■ WHAT YOU SHOULD DO
Give back each entry unchanged, minus pictures.

═══ DATA FOR THIS TASK

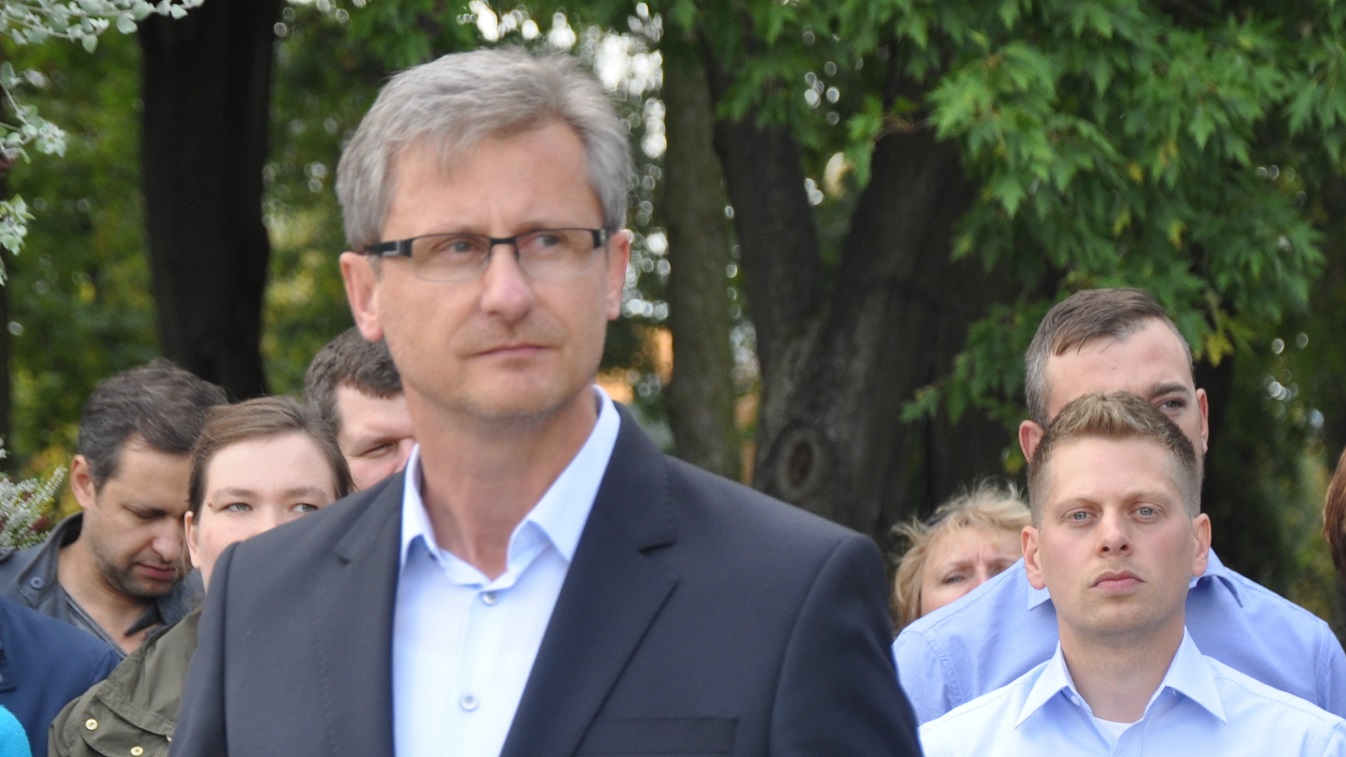 Augustowski radny Mirosław Zawadzki stracił mandat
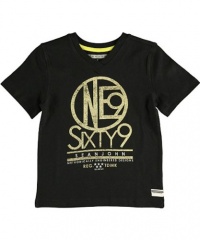 Sean John Aurum T-Shirt (Sizes 2T - 4T) - black, 2t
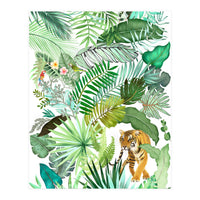 Jungle Tiger 04 (Print Only)
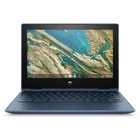 HP Chromebook x360 11 G3 EE N4020 11.6" HD+ Touch Blu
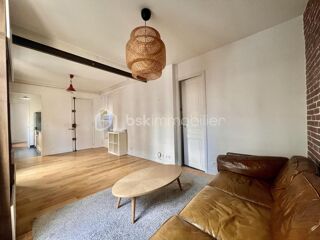  Appartement à vendre 2 pièces 42 m²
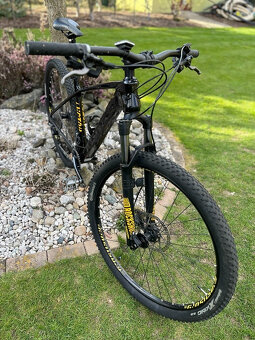 Ghost Lektor 2.9LC,vzduch. vidlice,Shimano XT, Rám L - 2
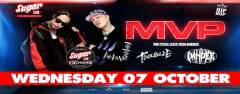 MVP Wednesday DJ T-Double E & MC Dandee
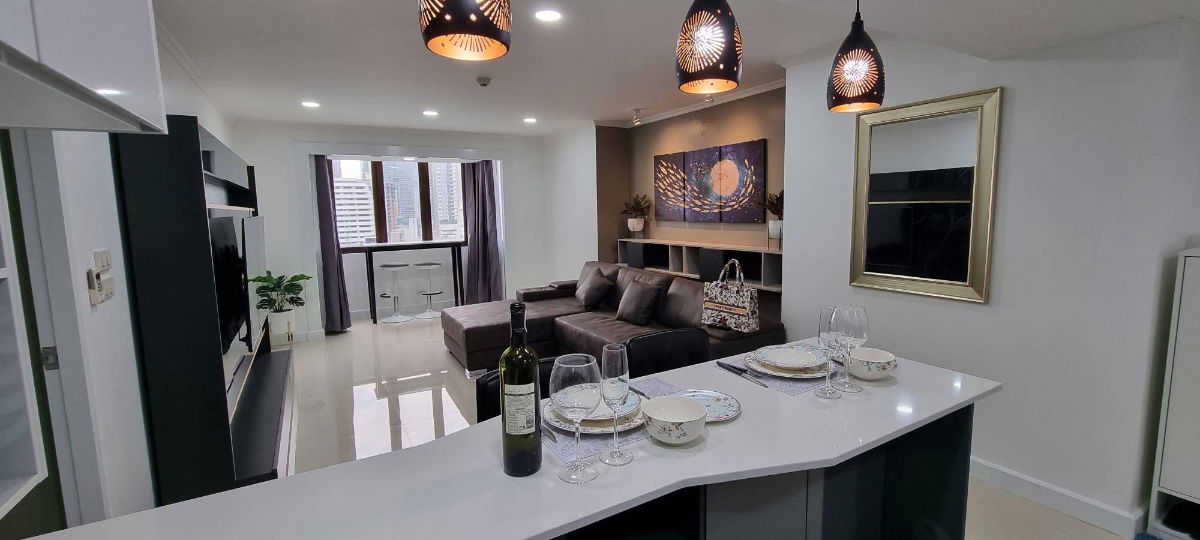 รูป #R8677 🎉 060169 ให้เช่าคอนโด Omni Tower Sukhumvit Nana - รูปที่ 9/14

══════

■ ANSWER TO THE EXERCISE
 Augustowski radny Mirosław Zawadzki stracił mandat
 Sean John Aurum T-Shirt (Sizes 2T - 4T) - black, 2t
 Jungle Tiger 04 (Print Only)
 HP Chromebook x360 11 G3 EE N4020 11.6" HD+ Touch Blu
  Appartement à vendre 2 pièces 42 m²
 Ghost Lektor 2.9LC,vzduch. vidlice,Shimano XT, Rám L - 2
 MVP Wednesday DJ T-Double E & MC Dandee
 รูป #R8677 🎉 060169 ให้เช่าคอนโด Omni Tower Sukhumvit Nana - รูปที่ 9/14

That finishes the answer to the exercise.